The Indian Space Research Organization (ISRO) has reportedly announced that it will launch its second lunar mission dubbed Chandrayaan-2 in October this year. Chandrayaan-2, which is the follow-up mission to Chandrayaan-1, is set to launch aboard a Geosynchronous Satellite Launch Vehicle (GSLV) rocket from the Satish Dhawan Space Center in Sriharikota, India.
India’s Chandrayaan-2 mission will mark the first time that any country is making an attempt to visit the south side of the moon. The mission will comprise of an orbiter, lander and a rover that will be powered by solar energy.

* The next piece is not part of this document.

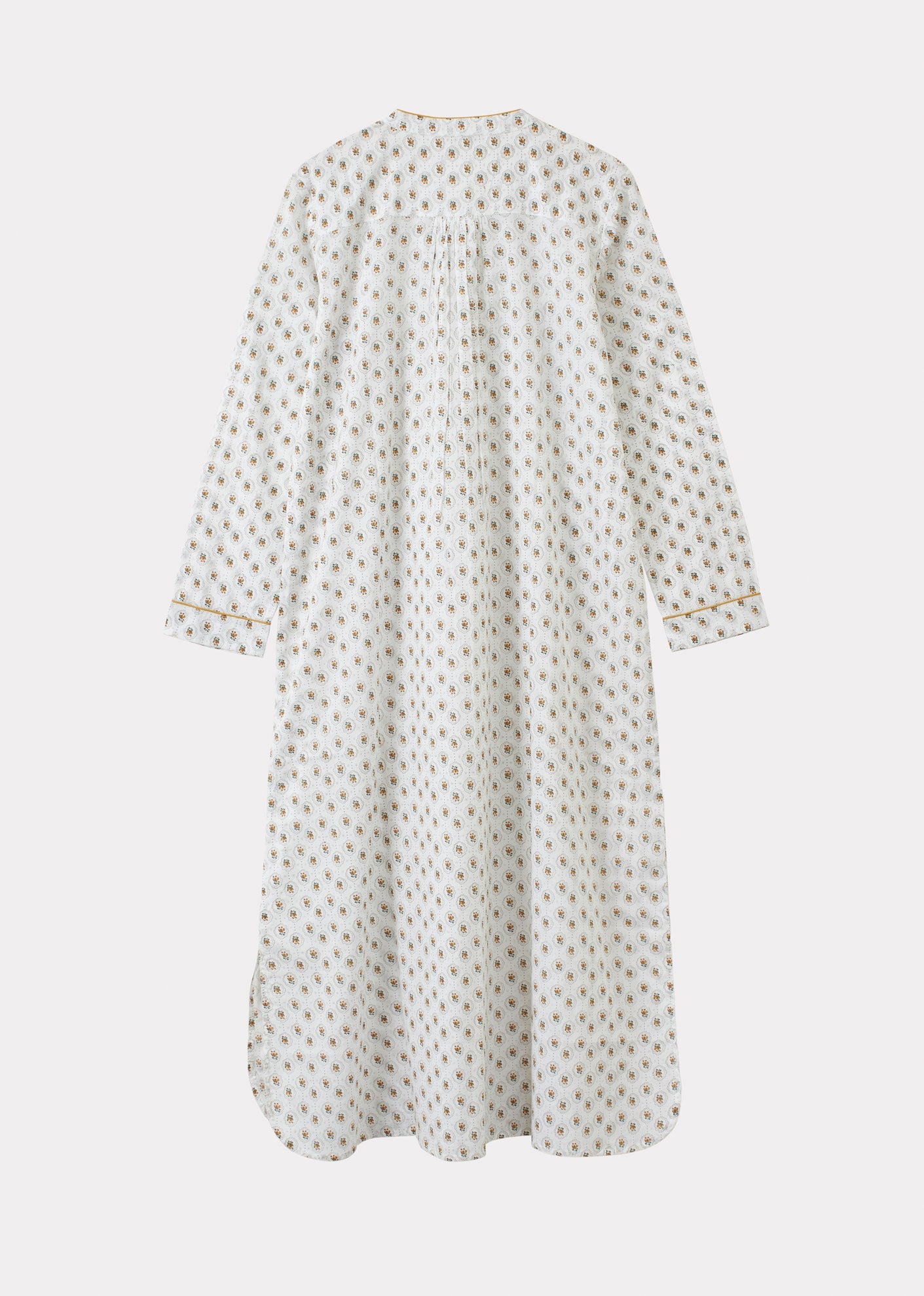 WOMANS NIGHT DRESS FLOWER RING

The Chandrayaan-2 Lander housing the 6-wheeled rover will separate itself from the orbiter on reaching an altitude of 100 kilometers (62 miles) on the lunar orbit. It will then make a controlled landing on the lunar surface at a specified site and send out the rover.
The rover’s task will be to analyze the lunar crust and collect scientific information about the lunar soil. It will carry two science instruments- the Laser-Induced Breakdown Spectroscope (LIBS) and the Alpha Particle X-Ray Spectrometer (APXS)- to look at the composition of the lunar surface. It will move around the landing site in a semi-autonomous mode according to the ground commands. The rover will send the information to the lander which will then transmit these back to ISRO for further analysis.

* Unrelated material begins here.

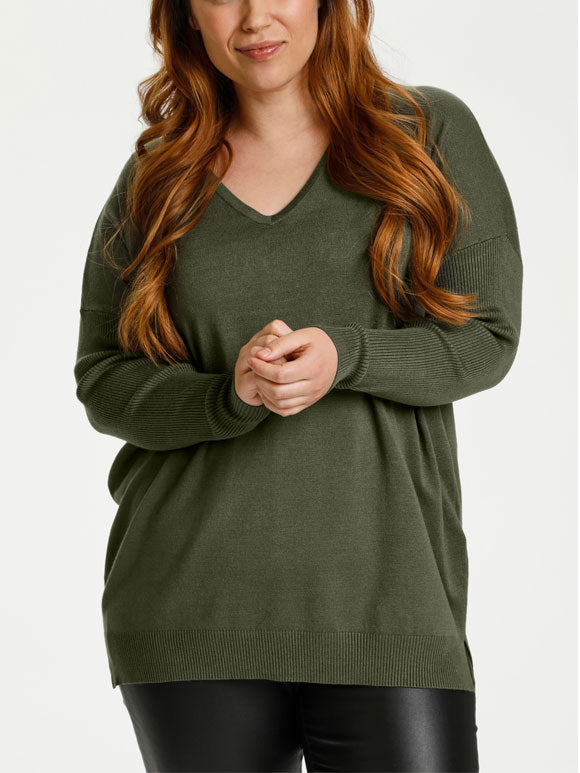 KCmachi Knit Pullover - PLUS SIZE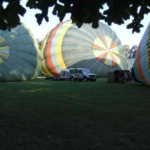 préparation au décollage au gré des vents vol en montgolfière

Some of the instruments that the lander will have on board include Lunar Seismic Activity (ILSA) instrument to measure moonquakes, Chandra’s Surface Thermophysical Experiment (ChaSTE) to examine the surface’s thermal properties and Radio Anatomy of Moon Bound Hypersensitive ionosphere and Atmosphere (RAMBHA-Langmuir Probe) to examine plasma density on the surface.

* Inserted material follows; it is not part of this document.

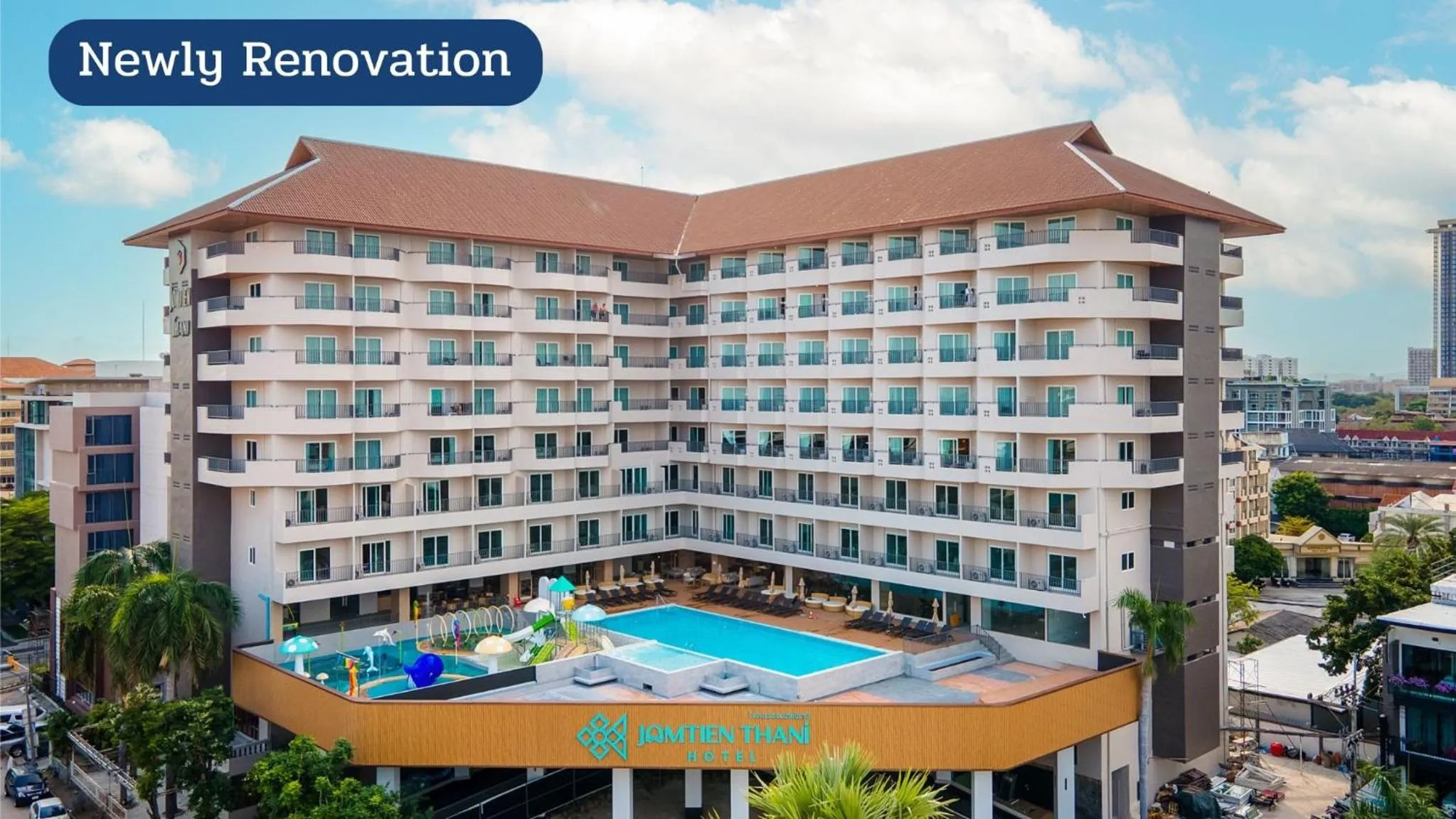 Property building in Jomtien Thani Hotel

“The payloads will collect scientific information on lunar topography, mineralogy, elemental abundance, lunar exosphere and signatures of hydroxyl and water-ice,” ISRO noted on its official website.
While NASA is not a part of the mission, the US space agency is hoping that information obtained by Chandrayaan-2 will be quite helpful to plan future lunar missions.